You know I'm really not sure how long I have been running the steering link on the wrong side for, but it's been a while! Good eye...That might explain some binding I get during lots of droop and suspension travel.

Actually I remember now one of the times I was switching the arms I noticed I got less travel and adjusted the droop to compensate. I fixed it by twisting the tie-rod, but now I realize it's because its mounted on the wrong side.

The car should handle totally differently at full lock now :ROFLMAO:
 
Something about the position changed and there is some binding,or at least less travel when mixing EXB cars and prior rear arms together


You are probably right, I may have attached the link to the wrong side in haste and not noticed, thanks

Always wanted to try the speed chassis!
Let me know it's exact weight when you get it 👍
I'm going to wait on the M2C speed chassis. I'm hoping they come out with one for the V5 soon. The one they have now is for the V3 and V4. It can be altered to work on the V5 but like I said I'm hoping they make one soon for the V5. I did however order tons of titanium pieces from Scorched and will post the weight differences on them to the stock.
 
I'm going to wait on the M2C speed chassis. I'm hoping they come out with one for the V5 soon. The one they have now is for the V3 and V4. It can be altered to work on the V5 but like I said I'm hoping they make one soon for the V5. I did however order tons of titanium pieces from Scorched and will post the weight differences on them to the stock.

I'm going to wait on the M2C speed chassis. I'm hoping they come out with one for the V5 soon. The one they have now is for the V3 and V4. It can be altered to work on the V5 but like I said I'm hoping they make one soon for the V5. I did however order tons of titanium pieces from Scorched and will post the weight differences on them to the stock.
Ah yes, I remember that now. That stopped me too at one time.
I never broke an hinge pin ever.
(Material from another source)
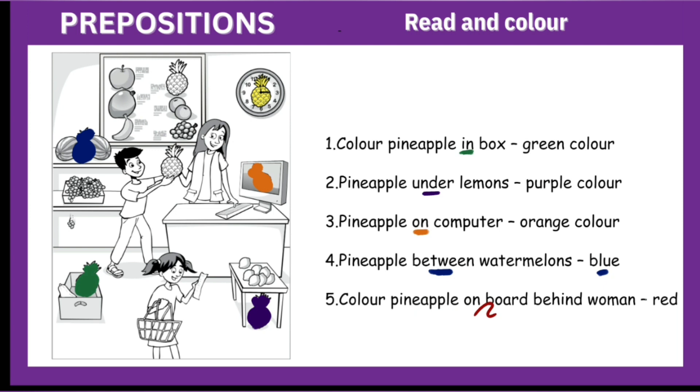Number five: color pineapple on board, behind woman, red. This is the woman and behind this woman is a boat, and this pineapple is on the board behind the woman. We will color it red. So these are the prepositions: in, under, on, between, and behind.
Bent a few thats about it on my 6s. What breaks the most is ur number 1 in ur case. The outdrives needs upgradibg at least for the center and rear diffs also changibg the pins of the driveshafts to tool steel pins would be a +.

The wing mount is another common breakage if u run stock. Try boiling the arms before their first use. I had never one snap on me even after crashibg knuckle first on a tree.

I recently did a maintenance check on my kraton exb. 2 arms out of 4 had a micro crack starting to form Near the hinge pin hole. Remplaced them that was a full summer of sends and crashes to do that. I run nothing really fancy. My major upgrades are a rear alluminum gearbox, an m2c hackerman plate a 3D printed wing mount and front bumper spring.

Going overkill on upgrades i believe is what makes the trucks break more. Weight is everything the heavier the truck less durable it becomes.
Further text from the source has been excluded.